3 Die tarifliche Bruttomonatsvergütung der Klägerin betrug im Jahr 2005 1.403,61 Euro brutto. Im
November 2005 erhielt sie neben einem Bruttogehalt iHv. 1.473,91 Euro eine gekürzte tarifliche
Sonderzahlung iHv. 736,96 Euro brutto. Der Beklagte wies die Apothekenmitarbeiter in einem
undatierten Schreiben auf die in § 18 Nr. 6 BRTV vorgesehene Möglichkeit der Kürzung der
tariflichen Sonderzahlung hin, begründete die Kürzung der Sonderzahlung ua. mit einem
Umsatzeinbruch sowie einem gesunkenen Ertrag. Als Anlagen fügte er ein Schreiben seines
Steuerberaters zur Kostenentwicklung der Apotheke und eine grafische Darstellung der
Umsatzentwicklung bei.
4 Die Klägerin ist der Auffassung, die Kürzung der tariflichen Sonderzahlung sei aus wirtschaftlichen
Gründen nicht erforderlich gewesen. Der Beklagte habe die Notwendigkeit der Kürzung nicht
ausreichend begründet. Ein allgemeines “Lamento” über die wirtschaftliche Lage genüge dazu nicht.
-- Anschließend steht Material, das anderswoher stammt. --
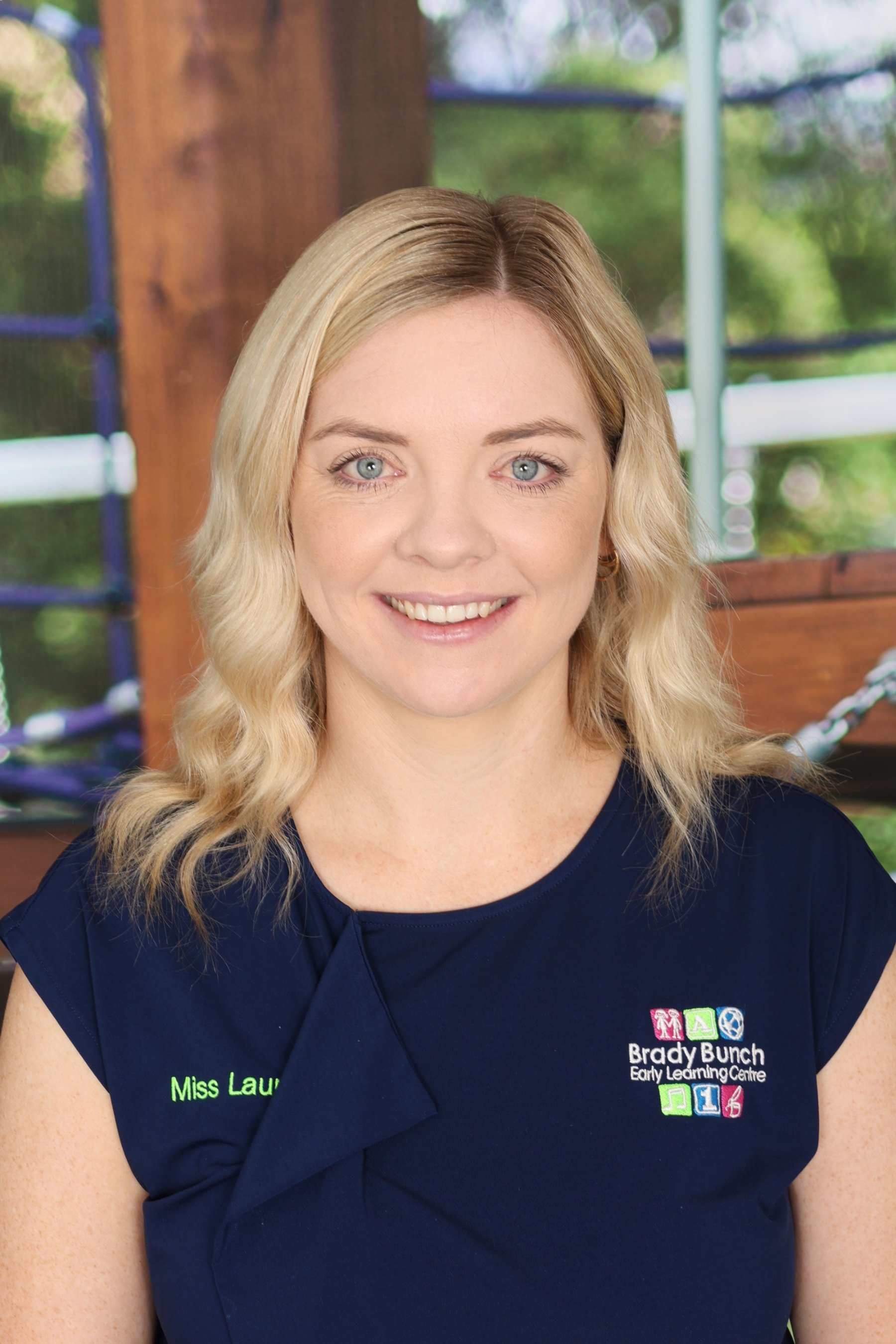 Close-up of a smiling woman with blonde hair in a navy uniform at Braydy Bunch Early Learning Centre with a colorful logo, standing outdoors with green trees and wooden and metal play structures in the background.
5 Die Klägerin hat beantragt,
den Beklagten zu verurteilen, an sie 666,65 Euro brutto nebst Zinsen iHv. 5 Prozentpunkten
über dem Basiszinssatz gemäß § 247 BGB seit dem 1. Dezember 2005 zu zahlen.
6 Der Beklagte hat zu seinem Klageabweisungsantrag die Auffassung vertreten, er sei nach § 18
Nr. 6 Satz 1 BRTV zur Kürzung der tariflichen Sonderzahlung berechtigt gewesen. Die Kürzung
habe sich ihm aus wirtschaftlichen Gründen als notwendig dargestellt. Die Tarifvertragsparteien
hätten dem Apothekeninhaber in § 18 Nr. 6 Satz 1 BRTV in unkomplizierter Weise das Recht
eingeräumt, auf wirtschaftliche Auswirkungen auf die Apotheke zu reagieren. Sie hätten die Kürzung
der tariflichen Sonderzahlung in das weitgehend freie Ermessen des Apothekeninhabers gestellt
und zum Ausgleich mit einer zeitlich beschränkten Arbeitsplatzgarantie verbunden. Nach der
tariflichen Regelung komme die Einschätzung der wirtschaftlichen Gegebenheiten allein dem
Apothekeninhaber zu. Die Bewertung der wirtschaftlichen Lage durch den Apothekeninhaber dürften
die Gerichte nicht überprüfen. Dieser müsse deshalb zur Darlegung der wirtschaftlichen Gründe
weder Zahlen offenlegen noch die Kürzung mit einem konkreten Sanierungskonzept rechtfertigen.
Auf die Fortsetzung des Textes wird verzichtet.